(Problem): Skip the pictures. Copy all the rest of the records down exactly.

########

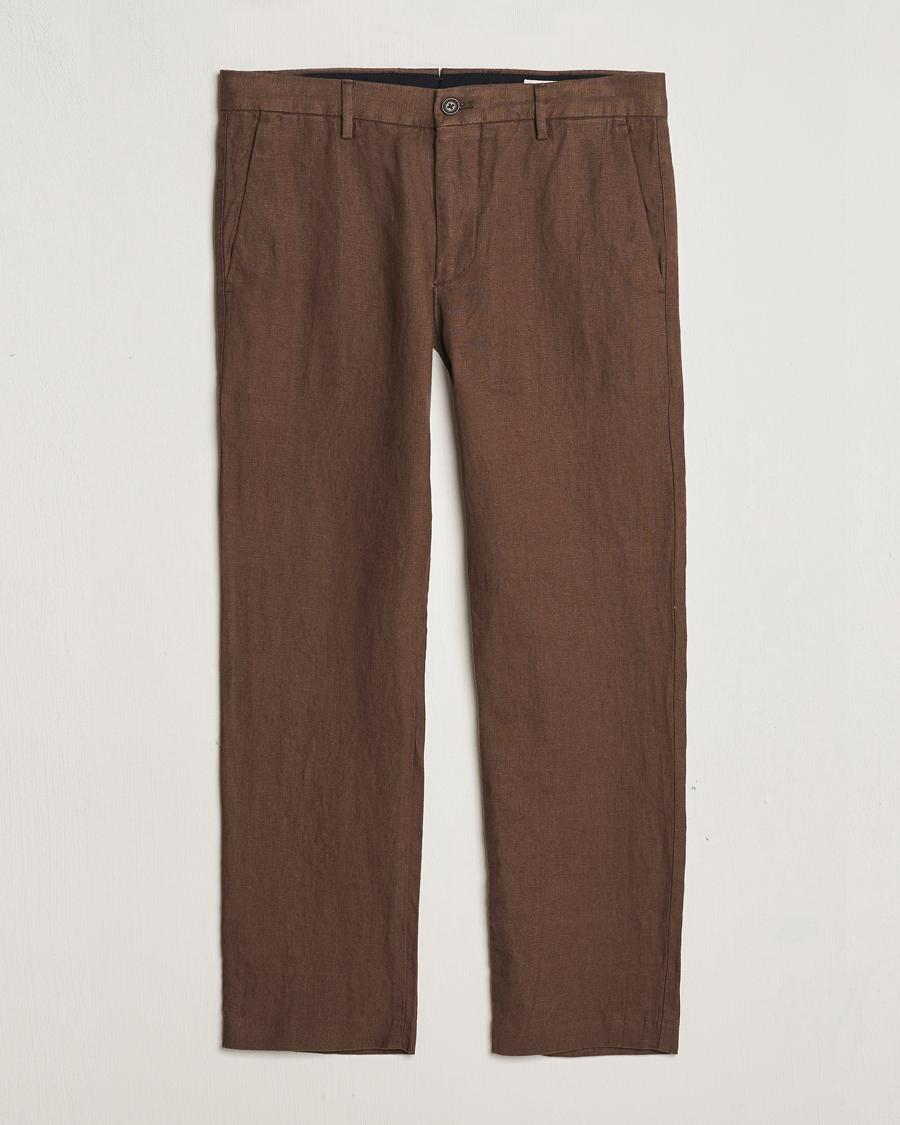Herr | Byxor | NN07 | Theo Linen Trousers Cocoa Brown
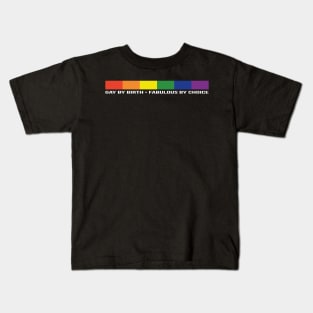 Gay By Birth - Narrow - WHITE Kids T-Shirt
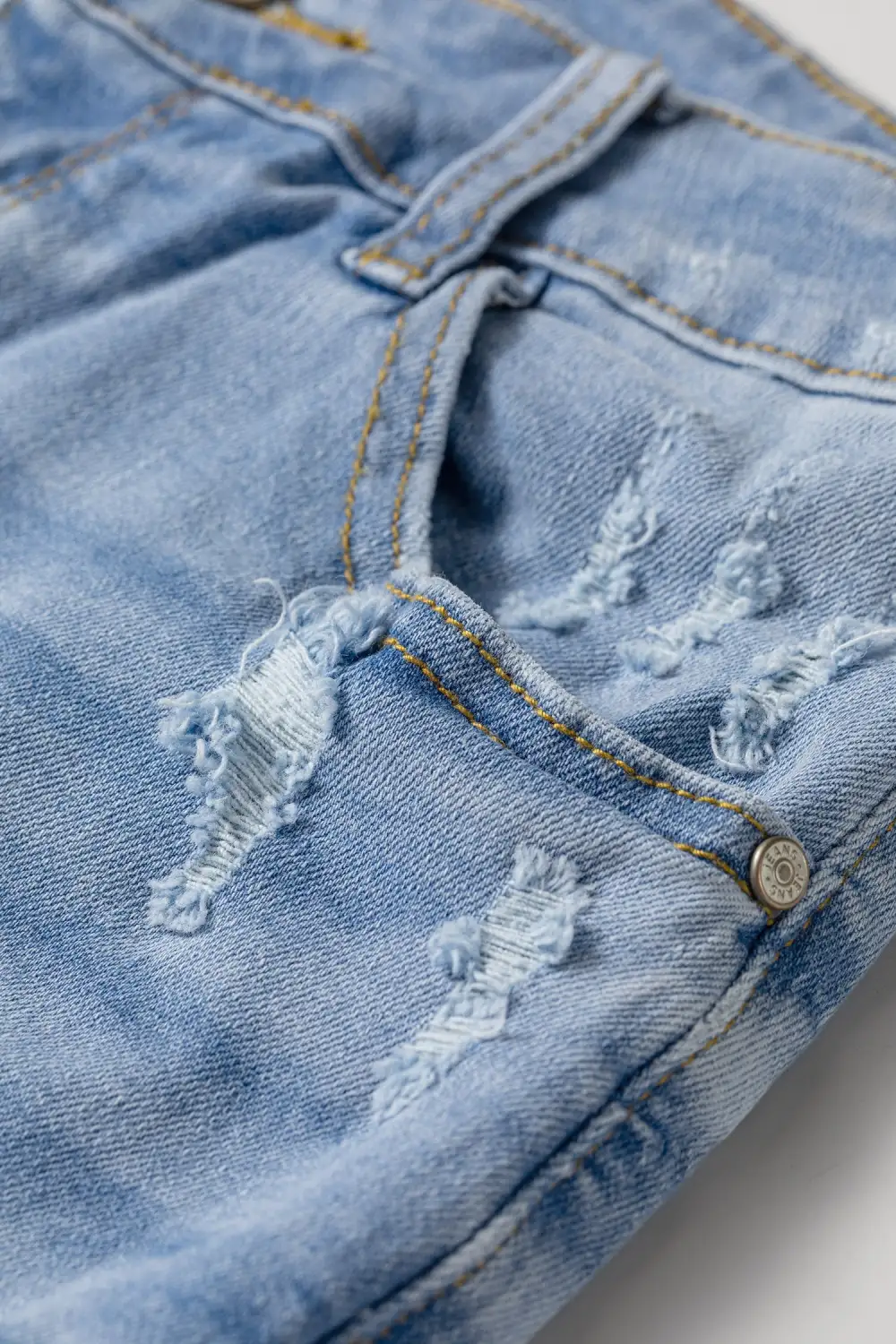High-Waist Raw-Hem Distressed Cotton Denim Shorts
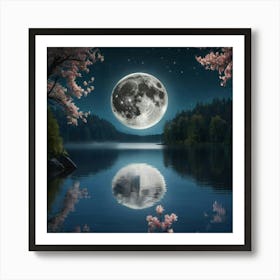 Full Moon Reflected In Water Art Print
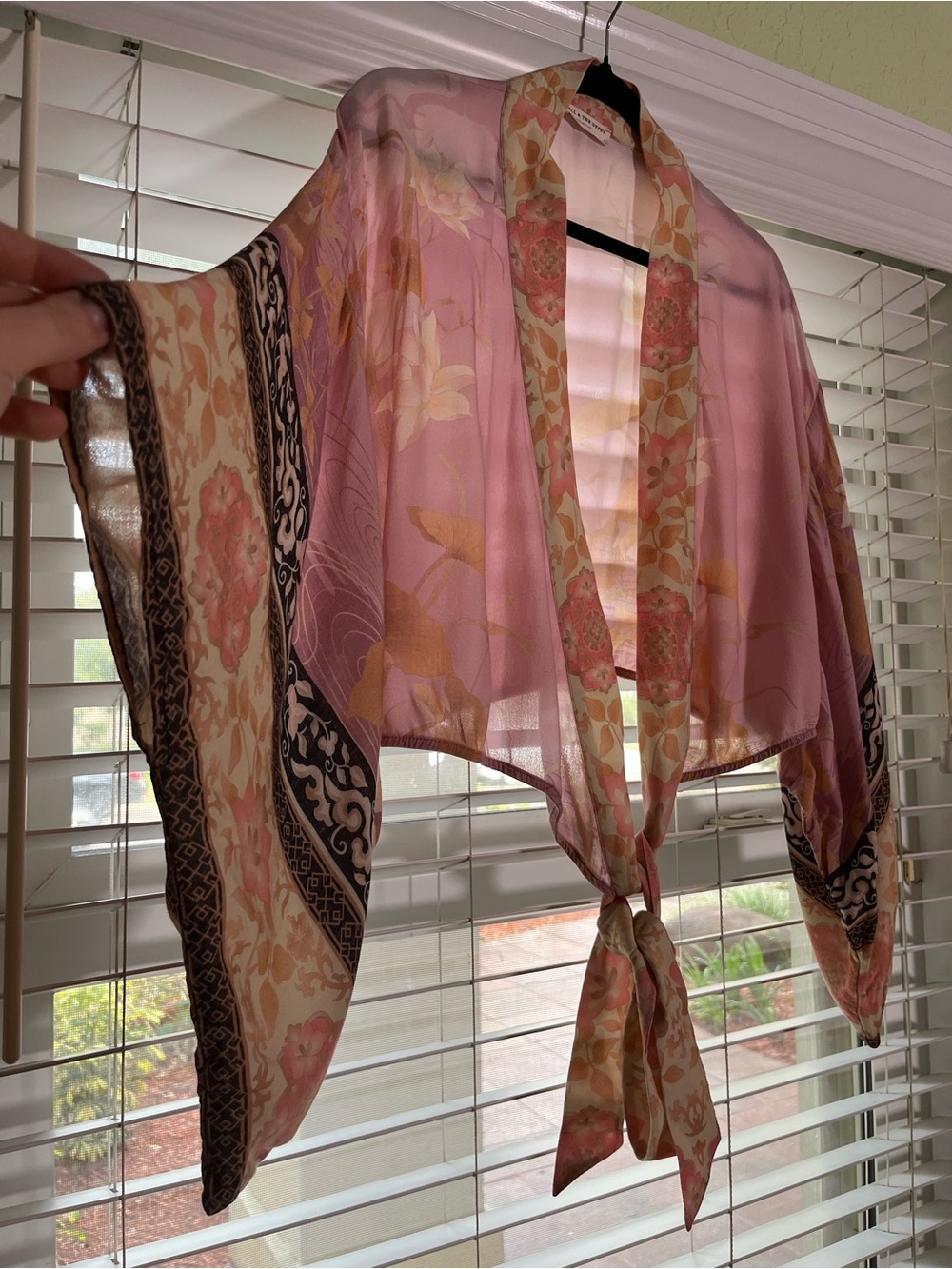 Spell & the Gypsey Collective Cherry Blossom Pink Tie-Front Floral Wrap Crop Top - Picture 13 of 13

########

(Task answer):
Herr | Byxor | NN07 | Theo Linen Trousers Cocoa Brown
 Gay By Birth - Narrow - WHITE Kids T-Shirt
High-Waist Raw-Hem Distressed Cotton Denim Shorts
 Full Moon Reflected In Water Art Print
 Spell & the Gypsey Collective Cherry Blossom Pink Tie-Front Floral Wrap Crop Top - Picture 13 of 13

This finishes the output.